The gender ratios in the retail sector
Topshop’s recent appointments of Jacqui Markham as Global Design Director and Creative Director Kate Phelan, along with Lisa Byrne who heads up the design direction at Warehouse and Kate Bostock who has held senior posts at Marks & Spencer, now Chief Executive at Coast, suggests that women are able to attain visible positions amongst their peers within the retail sector. The ratio of male to female designers invited to create collaborative collections also suggests that the ease with which the customer can relate to a designer and their profile level are equally important. H&M, River Island and Target’s Go International programme yields an approximately 50/50 gender split made up of emerging and established names. At every level of the fashion industry trends are inescapable and despite Ford’s assertions, women’s changing lifestyles in combination with current economic factors is shifting fashion’s focus away from couture towards ready-to-wear. If the prevailing male/female designer stereotypes are to be given any credence, then broadly speaking this shift would seem to favour the ‘female’ notion of fashion far more. In this respect the retail sector may have it’s finger much more firmly on the fashion pulse than the major fashion houses when it comes to reacting to the needs and wants of the female consumer and appointing it’s leaders accordingly.
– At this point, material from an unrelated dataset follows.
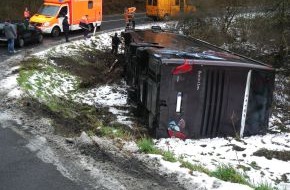 Polizei Düren: POL-DN: Omnibus kippte in die Böschung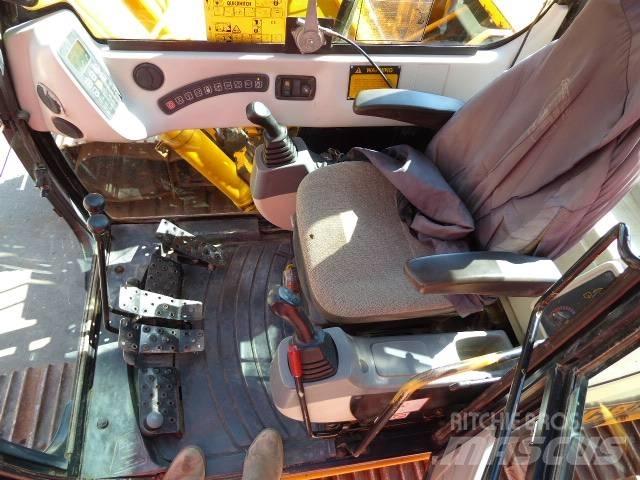 JCB JS 130 Excavatoare pe șenile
A tendency to dismiss more ‘wearable’ forms of fashion as too practical or somehow not spectacular enough to warrant attention is arguably short-sighted. Failing to consider that over the course of fashion’s history it has been some of the simplest garments (for example the trouser suit, mini skirt or wrap dress) that have often had the most profound impact.
Needless to say, one ‘type’ of fashion cannot exist without the other for very long and for every wearable element there must be a hand beaded objet d’art or gravity defying dress in order to maintain the status of fashion as both inspirational and aspirational and to satisfy the creative/business aspects of the industry.
Fashion’s strides towards an equitable future
In terms of gender bias, the pendulum will always swing in favour of one or the other gender over time as designers react to fashion’s changing moods but the longer term goals must be to attain more equitable levels of visibility and opportunity throughout. Women are seemingly trapped by a ‘glass ceiling’ while considerably fewer men are now entering the industry, which serves to associate fashion with an outmoded perception that is increasingly out of step with the rest of society. This is also a cause for concern when the over or under representation of any particular group can mean that vital contributions are lost or that differing points of views go unheard.
Creative forums thrive on inclusivity and are enriched and enlivened by having as many different design propositions from as many diverse sources as possible. With an already diverse group of players, the fashion industry is in a prime position to set an example and take a leading role in the fight for equality, bringing us a step closer to the day, as Linda Fargo states, when every design is judged solely on its attributes rather than the gender attributes of its creator.